The data was split into two parts, one for training and the other for testing. Specifically, 20% of the data was allocated to the test set, while the remaining 80% was used to train the model. This approach allows the model to be built and refined using the training set, followed by an evaluation of its performance on the test set to ensure it generalizes well to new, unseen data. To maintain consistency across different code runs, the random_state
was fixed, ensuring that the data is evenly distributed each time. This reproducibility is crucial for reliable model evaluation and comparison.
In this study, linear regression, decision trees, and random forest models were implemented. Linear regression is a statistical technique that models the relationship between a dependent variable and one or more independent variables by establishing a linear relationship to the data. The goal is to find the best-fitting line that minimizes the sum of the squared differences between the observed and predicted values. The equation of the line is y=β0+β1x1+…+βnxn, where β coefficients are determined using the data. Although simple and widely used, linear regression assumes linear relationships and can be affected by outliers.
A decision tree is a machine learning algorithm for classification and regression tasks. It works by repeatedly dividing the data into smaller units based on the values of the input features, forming a tree-like structure in which each node represents a test on the feature, each branch represents a test result, and each leaf node represents a class label or a continuous value. The goal is to build models that predict target variables by learning simple decision rules from the data components. Decision trees are easy to define and visualize but can be prone to over-interaction, especially with complex data sets.
The random forest model is a group learning method used for classification and regression applications that generates multiple decision trees during training and combines the results for more accurate static forecasts. Each tree in the forest is trained on discrete data with small random features, which helps reduce overfitting and improves generalization Random forests are very efficient and are difficult, but potentially more computationally intensive and less interpretable compared to single decision trees.
Evaluation methods are important for evaluating the performance of models, and two commonly used metrics are R-squared (R2) and mean-squared error (MSE). R2 measures the proportion of the variance in the dependent variable that is predictable from the independent variables, the results being between 0 and 1. The higher the value, the better the results. MSE, on the other hand, quantifies the average squared difference between the predicted and actual values, with lower values indicating more accurate predictions. Although R2 provides a measure of fit, MSE provides a stronger understanding of forecast error size and helps to measure how well the model performs in terms of accuracy and precision.

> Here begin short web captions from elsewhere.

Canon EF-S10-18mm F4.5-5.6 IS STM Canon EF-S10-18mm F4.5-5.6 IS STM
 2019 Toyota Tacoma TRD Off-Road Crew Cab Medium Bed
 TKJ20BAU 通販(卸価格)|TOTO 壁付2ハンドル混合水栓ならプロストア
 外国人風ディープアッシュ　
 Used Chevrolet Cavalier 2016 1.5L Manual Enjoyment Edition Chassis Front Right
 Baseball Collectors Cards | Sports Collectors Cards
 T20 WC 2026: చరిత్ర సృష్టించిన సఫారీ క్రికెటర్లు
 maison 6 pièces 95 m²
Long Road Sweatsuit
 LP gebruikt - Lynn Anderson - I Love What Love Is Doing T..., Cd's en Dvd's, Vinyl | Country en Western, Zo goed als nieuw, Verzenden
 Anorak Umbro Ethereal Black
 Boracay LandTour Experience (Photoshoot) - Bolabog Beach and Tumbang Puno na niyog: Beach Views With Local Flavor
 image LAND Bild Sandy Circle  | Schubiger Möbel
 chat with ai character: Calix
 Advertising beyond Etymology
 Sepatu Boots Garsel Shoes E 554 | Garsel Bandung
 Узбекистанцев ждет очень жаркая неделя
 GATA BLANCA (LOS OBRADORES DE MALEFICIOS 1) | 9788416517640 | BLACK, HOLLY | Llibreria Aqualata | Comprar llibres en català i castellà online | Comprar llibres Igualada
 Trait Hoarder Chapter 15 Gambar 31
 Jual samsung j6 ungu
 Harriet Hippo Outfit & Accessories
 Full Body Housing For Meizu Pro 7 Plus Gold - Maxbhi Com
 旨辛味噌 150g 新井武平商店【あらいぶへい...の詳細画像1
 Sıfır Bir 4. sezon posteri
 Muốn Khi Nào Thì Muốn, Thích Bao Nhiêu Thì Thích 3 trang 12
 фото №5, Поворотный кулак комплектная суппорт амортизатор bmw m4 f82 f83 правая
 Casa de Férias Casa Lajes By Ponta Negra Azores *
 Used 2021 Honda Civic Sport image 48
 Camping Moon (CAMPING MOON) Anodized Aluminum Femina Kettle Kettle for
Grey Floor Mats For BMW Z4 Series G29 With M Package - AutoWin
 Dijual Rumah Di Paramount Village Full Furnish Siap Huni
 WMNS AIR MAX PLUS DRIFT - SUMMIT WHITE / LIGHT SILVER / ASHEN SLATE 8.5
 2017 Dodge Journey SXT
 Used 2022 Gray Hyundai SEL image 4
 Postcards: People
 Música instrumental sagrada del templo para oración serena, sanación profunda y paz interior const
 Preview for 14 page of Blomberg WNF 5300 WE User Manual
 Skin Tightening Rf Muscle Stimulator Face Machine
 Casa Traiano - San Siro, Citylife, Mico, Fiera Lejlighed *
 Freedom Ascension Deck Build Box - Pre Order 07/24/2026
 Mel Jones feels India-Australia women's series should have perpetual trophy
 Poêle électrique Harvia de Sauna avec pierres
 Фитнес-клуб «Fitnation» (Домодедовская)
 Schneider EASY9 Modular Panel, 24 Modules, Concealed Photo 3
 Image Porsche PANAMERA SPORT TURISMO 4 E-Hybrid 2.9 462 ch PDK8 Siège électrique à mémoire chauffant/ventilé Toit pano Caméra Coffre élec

Hyperparameter tuning is the process of optimizing the performance of machine learning models by systematically evaluating a range of default values for specific parameters. We hyperparameters tuned the baseline random forest model. In this case, the parameters being mined are n_estimators
, which take into account the number of trees in the cluster, with possible values of 500 and 1000; max_features
, specifying the number of features to consider by finding the best partition, from 1 to 4; and min_samples_split
, which specifies the minimum number of samples needed to split the nodes, ranging from 20 to 150 in increments of 10. Using these parameters, the goal is to find the combination that gives the best model performance.
Results and Discussion
Table 1 provides a comparison of three baseline models: linear regression, decision tree, and random forest, based on their performance measures — R² and MSE (mean squared error) for both training and testing datasets. Linear regression reveals low R² values (0.164 for training and 0.167 for testing) and high MSE values (more than 3 million), indicating poor quality and poor prediction performance. The decision tree model is almost well suited for training data (R² of 0.999) but significantly reduced test performance (R2 of 0.758) means, with increased MSE, indicating overfitting. The random forest model is well balanced, with high R² values (0.978 for training and 0.849 for testing) and low MSE values compared to the decision tree, indicating good generalization and prediction accuracy, but exhibiting slight overfitting as well.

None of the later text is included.